Protease inhibitors are added to avoid degradation of the proteins .

pH change

Due to the continued partial metabolism , the pH value can change. It is therefore important to ensure adequate buffering . It may be necessary to readjust the pH value by adding ammonia or tris (hydroxymethyl) aminomethane solution (Tris).

Ionic strength

An ionic strength of less than 0.05 M can lead to the formation of inclusion bodies and a low yield as proteins attach to each other and to cell debris. Therefore, the digestion buffer solution should contain 0.05–0.1 M sodium chloride or potassium chloride .

Hydrophobic effects

An aggregation of the proteins by Van-der-Waals interactions and the formation of inclusion bodies due to hydrophobic effects can be obtained by adding non -ionic detergents such as Triton X-100 (about 0.02% w / v) or Lubrol PX (ca. 0.006% w / v).

Thiol oxidation

The oxidation of thiol groups can be avoided by adding dithiothreitol (DTT), dithioerythritol (DTE), 2-mercaptoethanol or tris (2-carboxyethyl) phosphine to the buffer solution (in single-digit mM concentrations). This is particularly necessary with cytosolic proteins, since a reducing environment prevails there.

Heavy metal ions

Heavy metal ions can react with functional groups on the protein. Bivalent cations ( Ca ²⁺ , Mg ²⁺ ) activate metalloproteases , therefore ethylenediaminetetraacetic acid (EDTA) is added in mM concentrations, which forms complexes with metal ions.

DNA purification

After cell disruption, various methods can be used to purify the DNA. To inactivate deoxyribonucleases , EDTA is used as a chelator of their cofactor ( magnesium ions ).

RNA purification

The methods of RNA extraction are similar to those of DNA extraction due to the similarity of the molecules.

literature

Friedrich Lottspeich , Haralabos Zorbas: Bioanalytics . Spektrum Akademischer Verlag, Heidelberg 1998, ISBN 3-8274-0041-4 .
Hubert Rehm , Thomas Letzel: The Experimenter: Protein Biochemistry / Proteomics. 6th edition. Spectrum Akademischer Verlag, Heidelberg 2009, ISBN 978-3-8274-2312-2 .

Web links

Summary of cell disruption

Individual evidence

↑ D. Freifelder, PF Davison: Studies on the sonic degradation of deoxyribonucleic acid. In: Biophys J. (1962), Vol. 2, pp. 235-247. PMID 13894963 ; PMC 1366369 (free full text).
↑ P. Chomczynski, N. Sacchi: Single-step method of RNA isolation by acid guanidinium thiocyanate-phenol-chloroform extraction. In: Anal Biochem . (1987) 162 (1), pp. 156-159. PMID 2440339 .
↑ HC Birnboim, J. Doly: A rapid alkaline extraction procedure for screening recombinant plasmid DNA. In: Nucleic Acids Res. (1979), Vol. 7 (6), pp. 1513-1523. PMID 388356 ; PMC 342324 (free full text).

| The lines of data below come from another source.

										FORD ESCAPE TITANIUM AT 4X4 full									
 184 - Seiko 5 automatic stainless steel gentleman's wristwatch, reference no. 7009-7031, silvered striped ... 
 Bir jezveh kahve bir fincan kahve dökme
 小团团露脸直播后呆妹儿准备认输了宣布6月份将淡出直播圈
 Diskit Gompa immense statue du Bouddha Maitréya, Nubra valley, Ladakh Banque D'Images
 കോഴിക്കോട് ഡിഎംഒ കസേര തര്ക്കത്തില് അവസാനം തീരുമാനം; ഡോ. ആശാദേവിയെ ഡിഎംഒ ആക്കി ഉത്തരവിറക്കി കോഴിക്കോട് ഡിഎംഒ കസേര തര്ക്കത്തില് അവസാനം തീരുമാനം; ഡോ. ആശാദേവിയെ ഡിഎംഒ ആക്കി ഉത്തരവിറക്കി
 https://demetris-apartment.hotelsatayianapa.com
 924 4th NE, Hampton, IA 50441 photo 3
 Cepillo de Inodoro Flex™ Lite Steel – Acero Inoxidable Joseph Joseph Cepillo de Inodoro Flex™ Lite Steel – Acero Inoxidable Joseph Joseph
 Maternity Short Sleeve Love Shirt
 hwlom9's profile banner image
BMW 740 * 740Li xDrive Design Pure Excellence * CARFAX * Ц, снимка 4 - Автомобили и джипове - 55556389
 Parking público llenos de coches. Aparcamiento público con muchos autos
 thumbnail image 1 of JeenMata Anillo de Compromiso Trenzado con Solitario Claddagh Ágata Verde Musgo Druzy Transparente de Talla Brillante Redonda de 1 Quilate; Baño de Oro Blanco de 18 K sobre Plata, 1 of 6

[1] D. Freifelder, PF Davison: Studies on the sonic degradation of deoxyribonucleic acid. In: Biophys J. (1962), Vol. 2, pp. 235-247. PMID 13894963 ; PMC 1366369 (free full text).

[2] P. Chomczynski, N. Sacchi: Single-step method of RNA isolation by acid guanidinium thiocyanate-phenol-chloroform extraction. In: Anal Biochem . (1987) 162 (1), pp. 156-159. PMID 2440339 .

[3] HC Birnboim, J. Doly: A rapid alkaline extraction procedure for screening recombinant plasmid DNA. In: Nucleic Acids Res. (1979), Vol. 7 (6), pp. 1513-1523. PMID 388356 ; PMC 342324 (free full text).